The 2024 edition of CURRENT Practice Guidelines in Primary Care contains updates reflecting the review of more than 150 new guidelines. There are important updates to several guidelines including the screening/prevention of ASCVD, anxiety disorders in children, pediatric obesity, and breast cancer, and the management of heart failure, type 2 diabetes, obesity, chronic pain disorders, and osteoarthritis. This edition also includes several new topics including screening and prevention of eating disorders; COVID vaccination in pregnancy; prevention of pelvic floor dysfunction; and management of chest pain, left ventricular thrombus, delirium, anal fissures, gastroparesis, interstitial cystitis, uterine fibroids, perioperative anticoagulation, the febrile newborn, molluscum contagiosum, acute otitis media, trichomoniasis, pediatric urinary tract infections, TIA, neonatal hyperbilirubinemia, induction of labor, actinic keratosis, melanoma, and clavicular fractures, chronic hip pain, and chronic shoulder pain. Residents, medical students, mid-level providers, and practicing physicians in family medicine, internal medicine, pediatrics, and obstetrics and gynecology alike will find it a great resource.
Several guidelines include race as a consideration in the approach to care. As purportedly scientific mechanisms to explain racial differences in outcomes can be rooted in biased data, guidelines that suggest differentiating care by race should be considered with caution. Drs. Vyas, Einstein, and Jones offer a thoughtful assessment at N Engl J Med 2020;383:847-882 (https://www.nejm.org/doi/full/10.1056/NEJMms2004740).
Although painstaking efforts have been made to find all errors and omissions, some may remain.

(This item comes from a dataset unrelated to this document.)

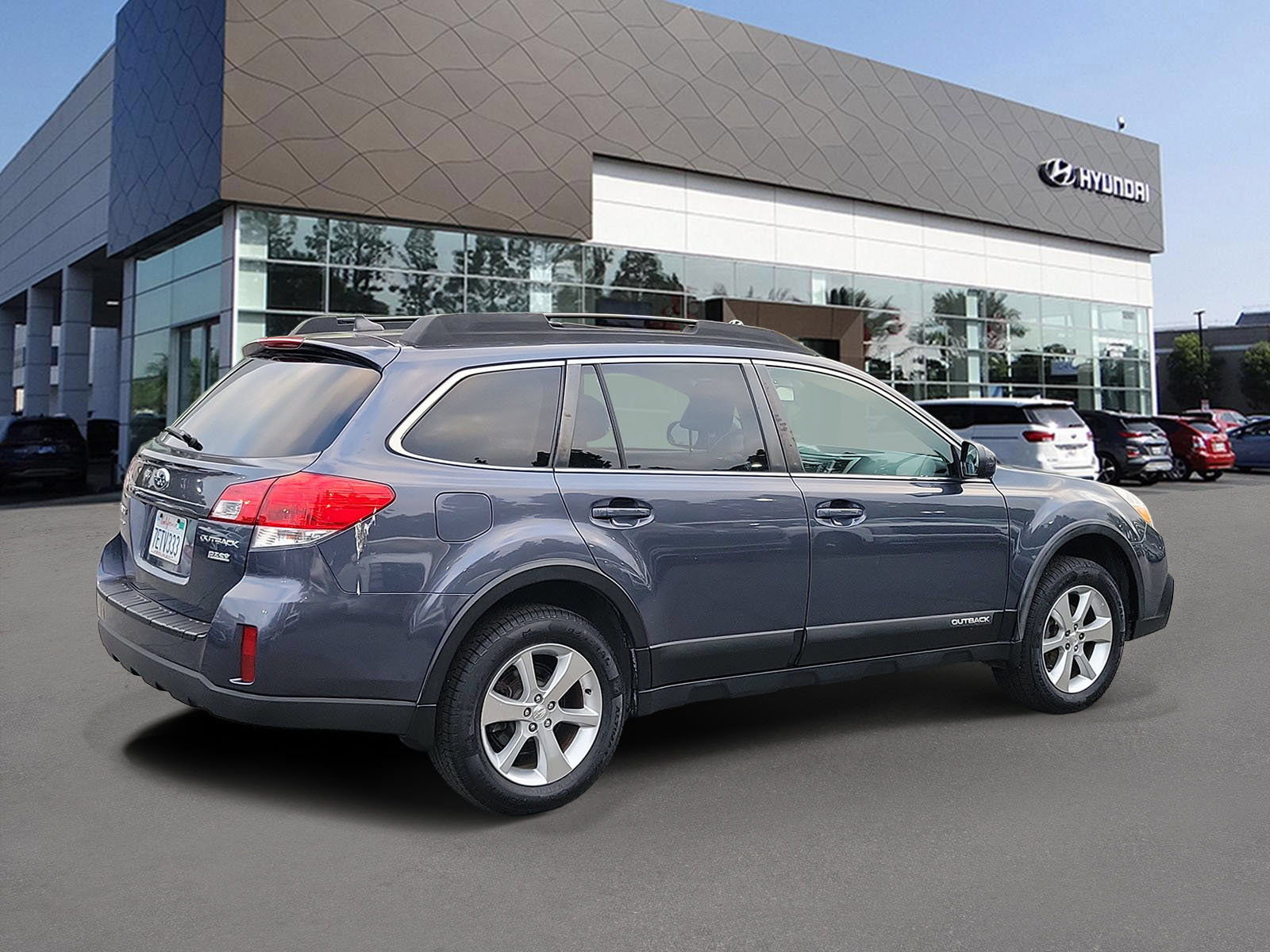 Used 2014 Subaru Outback 2.5i Limited w/ Moonroof Package AWD/4WD image 2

If you find an error or wish to suggest a change, please contact McGraw Hill: www.mhprofessional.com/contact-us.
Evidence-based guidelines such as those reviewed in this book are wonderful tools. They enable management strategies to be standardized and disseminated to a broad swath of the medical profession. At their best, they offer immediate access to the wisdom and analytical approach to data-driven medical care employed by the experts, elevating the quality of our care. But, as with any human endeavor, they are susceptible to bias and misunderstanding. While evidence-based guidelines increasingly dictate the standards for our clinical practice, the highest quality medical care will always derive from a clinician's experience, curiosity, critical thinking, compassion, and personal relationship with a patient. In that spirit, please use the tools in this book to further hone your craft.
This book is dedicated to all our current and former residents at the Ventura County Medical Center.